* WORK REQUEST
Nothing is to be left out; print all the entries exactly.

* DATASET CONTENT
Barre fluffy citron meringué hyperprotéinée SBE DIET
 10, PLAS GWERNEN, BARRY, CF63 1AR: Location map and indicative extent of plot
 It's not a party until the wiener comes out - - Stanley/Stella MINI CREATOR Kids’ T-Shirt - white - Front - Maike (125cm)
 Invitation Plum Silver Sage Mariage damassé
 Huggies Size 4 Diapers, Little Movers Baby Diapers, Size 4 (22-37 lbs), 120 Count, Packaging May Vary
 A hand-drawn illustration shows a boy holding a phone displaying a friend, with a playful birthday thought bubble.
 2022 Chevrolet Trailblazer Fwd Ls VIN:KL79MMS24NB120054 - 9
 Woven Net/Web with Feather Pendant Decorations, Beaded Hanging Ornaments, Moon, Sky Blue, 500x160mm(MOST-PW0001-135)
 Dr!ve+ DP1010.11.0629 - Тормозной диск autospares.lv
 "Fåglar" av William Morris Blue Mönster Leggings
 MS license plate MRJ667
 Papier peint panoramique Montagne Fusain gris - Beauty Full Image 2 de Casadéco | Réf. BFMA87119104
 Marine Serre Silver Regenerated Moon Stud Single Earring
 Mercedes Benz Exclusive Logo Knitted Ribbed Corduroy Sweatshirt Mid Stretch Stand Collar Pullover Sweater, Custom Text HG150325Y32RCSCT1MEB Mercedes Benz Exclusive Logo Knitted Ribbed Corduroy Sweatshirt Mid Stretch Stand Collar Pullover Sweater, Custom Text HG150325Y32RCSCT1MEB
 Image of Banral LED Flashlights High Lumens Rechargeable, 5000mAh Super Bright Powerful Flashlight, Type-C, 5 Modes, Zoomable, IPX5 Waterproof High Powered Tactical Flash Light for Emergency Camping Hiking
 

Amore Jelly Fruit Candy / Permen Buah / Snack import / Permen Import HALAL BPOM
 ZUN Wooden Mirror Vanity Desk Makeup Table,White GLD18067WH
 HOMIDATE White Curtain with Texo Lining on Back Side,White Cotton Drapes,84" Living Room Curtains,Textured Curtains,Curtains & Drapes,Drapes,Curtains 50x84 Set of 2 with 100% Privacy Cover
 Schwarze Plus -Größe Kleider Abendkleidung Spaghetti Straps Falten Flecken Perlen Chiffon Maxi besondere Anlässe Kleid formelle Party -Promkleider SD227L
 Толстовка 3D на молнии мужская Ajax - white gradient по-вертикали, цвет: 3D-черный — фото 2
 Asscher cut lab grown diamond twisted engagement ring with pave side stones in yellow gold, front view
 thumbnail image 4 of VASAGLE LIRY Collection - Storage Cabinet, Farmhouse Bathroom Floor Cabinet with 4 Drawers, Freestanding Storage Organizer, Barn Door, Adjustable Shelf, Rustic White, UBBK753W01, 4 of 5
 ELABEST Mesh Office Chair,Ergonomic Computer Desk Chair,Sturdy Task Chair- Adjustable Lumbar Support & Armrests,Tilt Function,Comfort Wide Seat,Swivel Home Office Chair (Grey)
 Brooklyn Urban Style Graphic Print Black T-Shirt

* WRITTEN ANSWER
Barre fluffy citron meringué hyperprotéinée SBE DIET
 10, PLAS GWERNEN, BARRY, CF63 1AR: Location map and indicative extent of plot
 It's not a party until the wiener comes out - - Stanley/Stella MINI CREATOR Kids’ T-Shirt - white - Front - Maike (125cm)
 Invitation Plum Silver Sage Mariage damassé
 Huggies Size 4 Diapers, Little Movers Baby Diapers, Size 4 (22-37 lbs), 120 Count, Packaging May Vary
 A hand-drawn illustration shows a boy holding a phone displaying a friend, with a playful birthday thought bubble.
 2022 Chevrolet Trailblazer Fwd Ls VIN:KL79MMS24NB120054 - 9
 Woven Net/Web with Feather Pendant Decorations, Beaded Hanging Ornaments, Moon, Sky Blue, 500x160mm(MOST-PW0001-135)
 Dr!ve+ DP1010.11.0629 - Тормозной диск autospares.lv
 "Fåglar" av William Morris Blue Mönster Leggings
 MS license plate MRJ667
 Papier peint panoramique Montagne Fusain gris - Beauty Full Image 2 de Casadéco | Réf. BFMA87119104
 Marine Serre Silver Regenerated Moon Stud Single Earring
 Mercedes Benz Exclusive Logo Knitted Ribbed Corduroy Sweatshirt Mid Stretch Stand Collar Pullover Sweater, Custom Text HG150325Y32RCSCT1MEB Mercedes Benz Exclusive Logo Knitted Ribbed Corduroy Sweatshirt Mid Stretch Stand Collar Pullover Sweater, Custom Text HG150325Y32RCSCT1MEB
 Image of Banral LED Flashlights High Lumens Rechargeable, 5000mAh Super Bright Powerful Flashlight, Type-C, 5 Modes, Zoomable, IPX5 Waterproof High Powered Tactical Flash Light for Emergency Camping Hiking
 

Amore Jelly Fruit Candy / Permen Buah / Snack import / Permen Import HALAL BPOM
 ZUN Wooden Mirror Vanity Desk Makeup Table,White GLD18067WH
 HOMIDATE White Curtain with Texo Lining on Back Side,White Cotton Drapes,84" Living Room Curtains,Textured Curtains,Curtains & Drapes,Drapes,Curtains 50x84 Set of 2 with 100% Privacy Cover
 Schwarze Plus -Größe Kleider Abendkleidung Spaghetti Straps Falten Flecken Perlen Chiffon Maxi besondere Anlässe Kleid formelle Party -Promkleider SD227L
 Толстовка 3D на молнии мужская Ajax - white gradient по-вертикали, цвет: 3D-черный — фото 2
 Asscher cut lab grown diamond twisted engagement ring with pave side stones in yellow gold, front view
 thumbnail image 4 of VASAGLE LIRY Collection - Storage Cabinet, Farmhouse Bathroom Floor Cabinet with 4 Drawers, Freestanding Storage Organizer, Barn Door, Adjustable Shelf, Rustic White, UBBK753W01, 4 of 5
 ELABEST Mesh Office Chair,Ergonomic Computer Desk Chair,Sturdy Task Chair- Adjustable Lumbar Support & Armrests,Tilt Function,Comfort Wide Seat,Swivel Home Office Chair (Grey)
 Brooklyn Urban Style Graphic Print Black T-Shirt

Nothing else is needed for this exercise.